» **Input material**:
▶

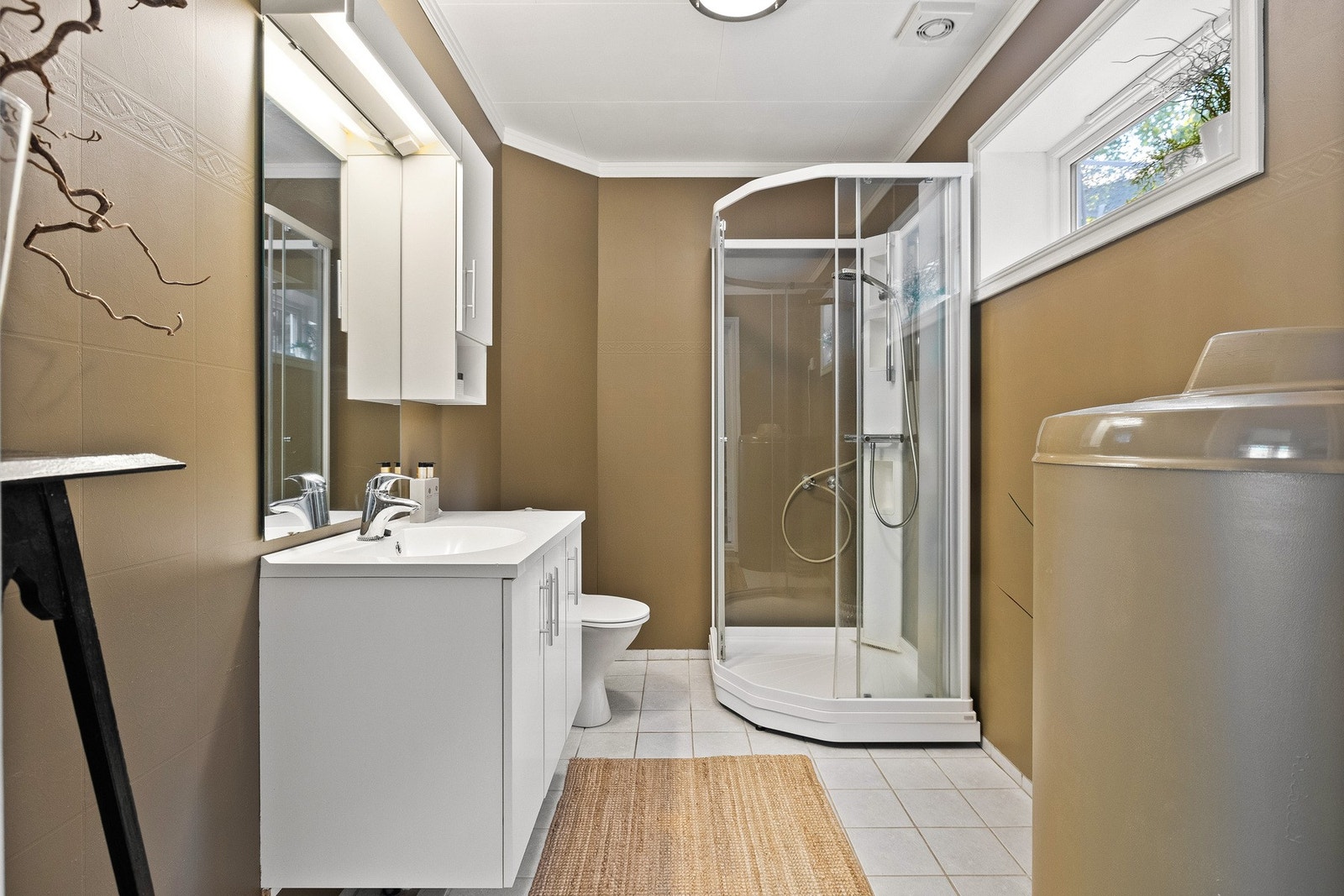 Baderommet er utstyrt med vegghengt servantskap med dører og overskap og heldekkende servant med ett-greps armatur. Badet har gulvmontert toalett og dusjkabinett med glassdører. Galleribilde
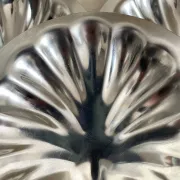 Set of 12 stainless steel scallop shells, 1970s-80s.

◀
▶

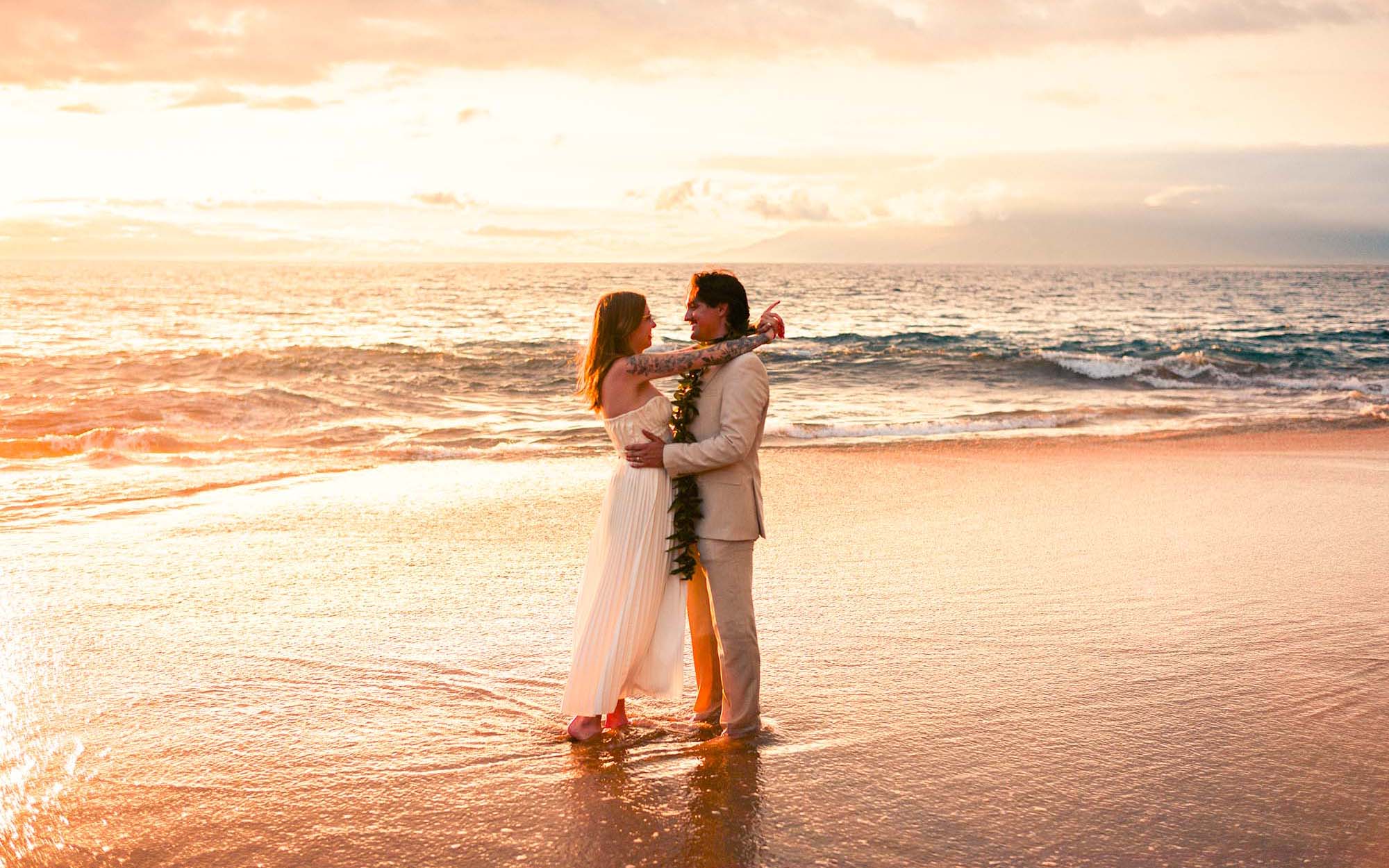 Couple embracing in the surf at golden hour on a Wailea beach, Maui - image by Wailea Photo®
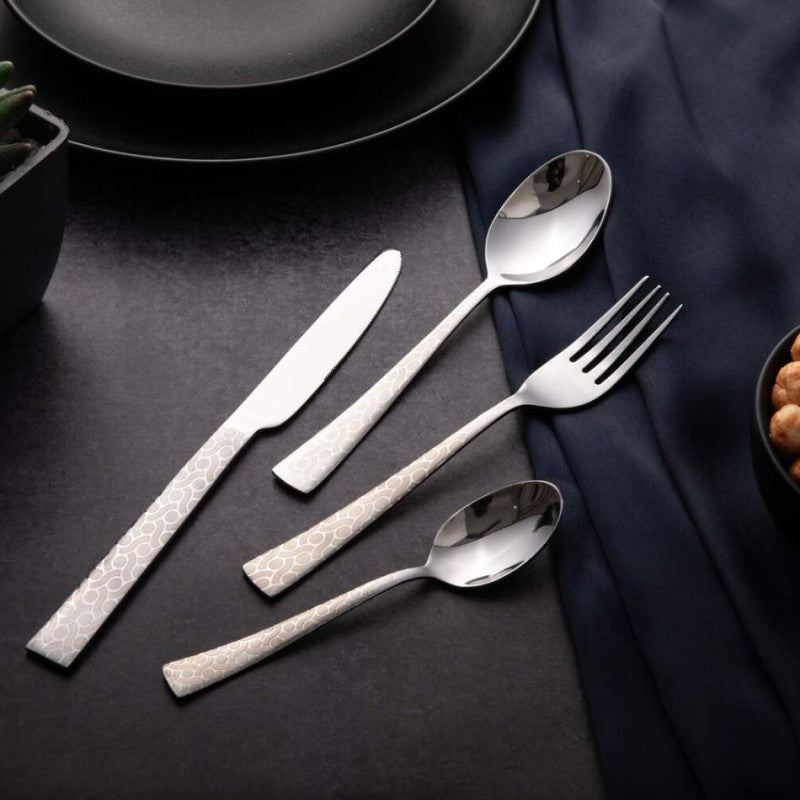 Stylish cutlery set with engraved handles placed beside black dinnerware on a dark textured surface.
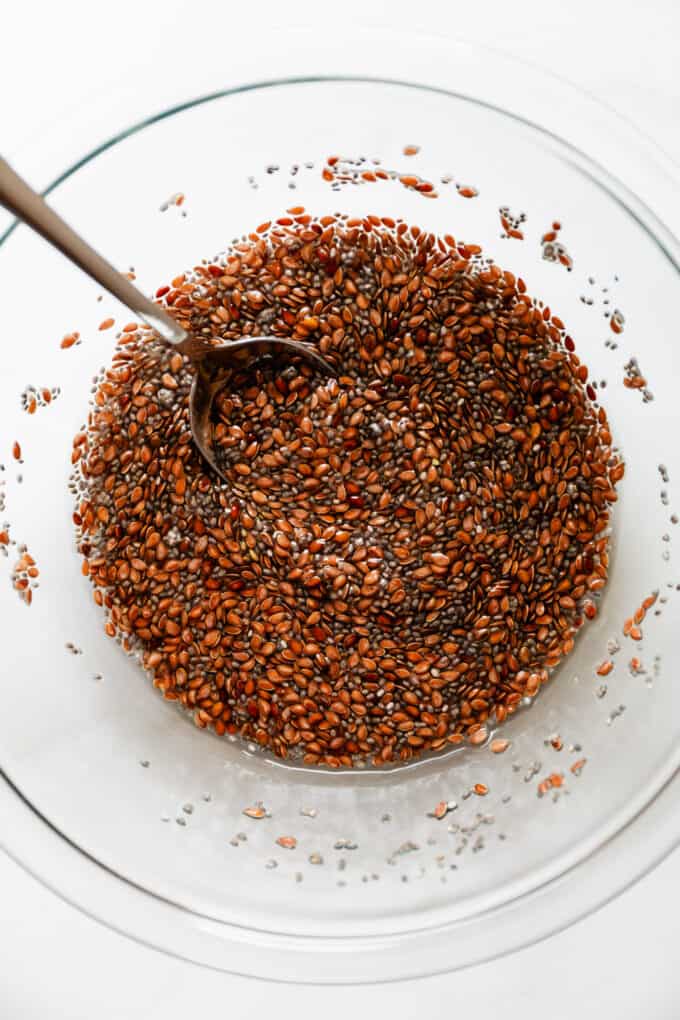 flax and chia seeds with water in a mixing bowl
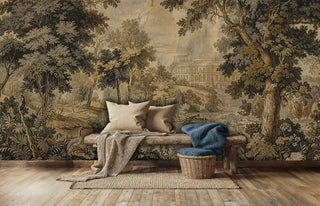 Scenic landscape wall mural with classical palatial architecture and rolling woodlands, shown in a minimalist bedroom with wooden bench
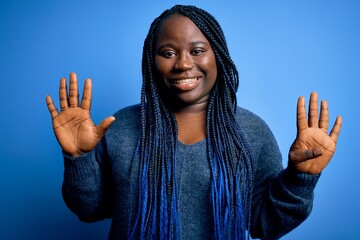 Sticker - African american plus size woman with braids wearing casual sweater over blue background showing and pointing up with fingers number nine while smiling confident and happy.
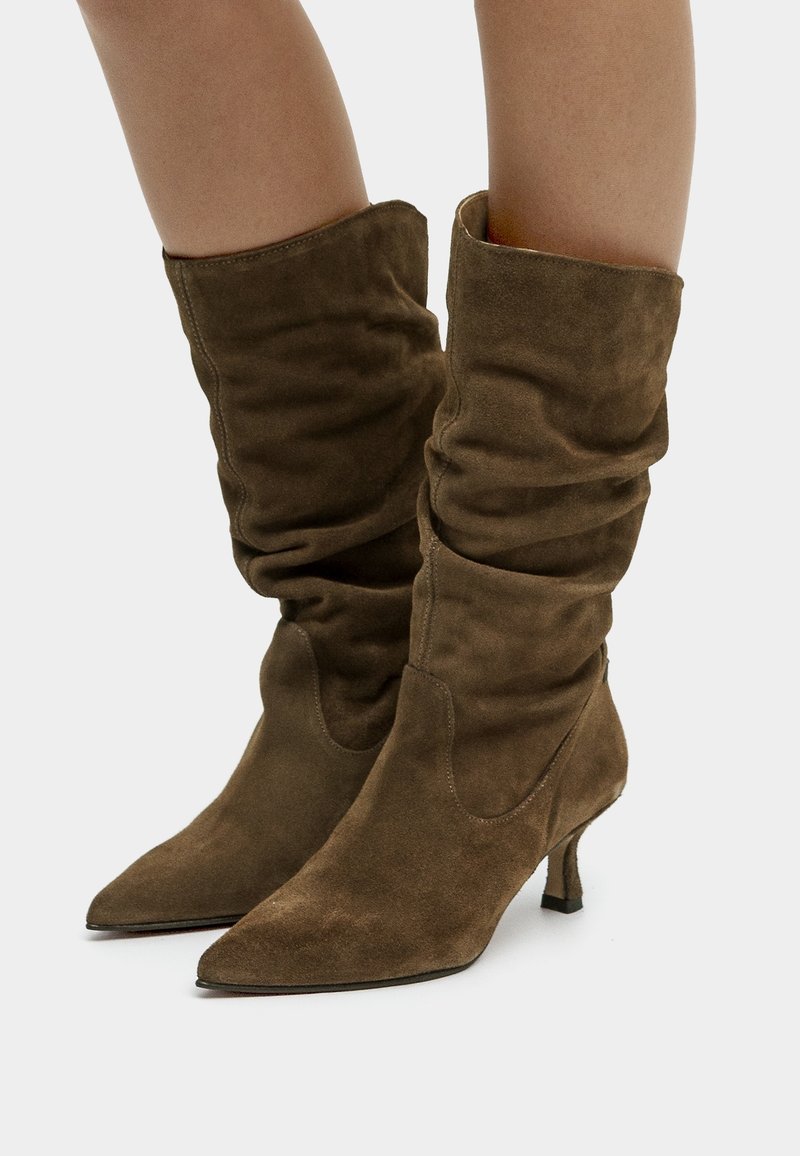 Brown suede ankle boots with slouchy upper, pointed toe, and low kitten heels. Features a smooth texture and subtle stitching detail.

◀

» **Problem statement**: Please copy out from the data above, without any picture, exactly the lines running from the one that holds "Sticker - African" through the one that holds "Brown suede ankle", and nothing beyond them.

» **Answer space**:
 Sticker - African american plus size woman with braids wearing casual sweater over blue background showing and pointing up with fingers number nine while smiling confident and happy.
 Brown suede ankle boots with slouchy upper, pointed toe, and low kitten heels. Features a smooth texture and subtle stitching detail.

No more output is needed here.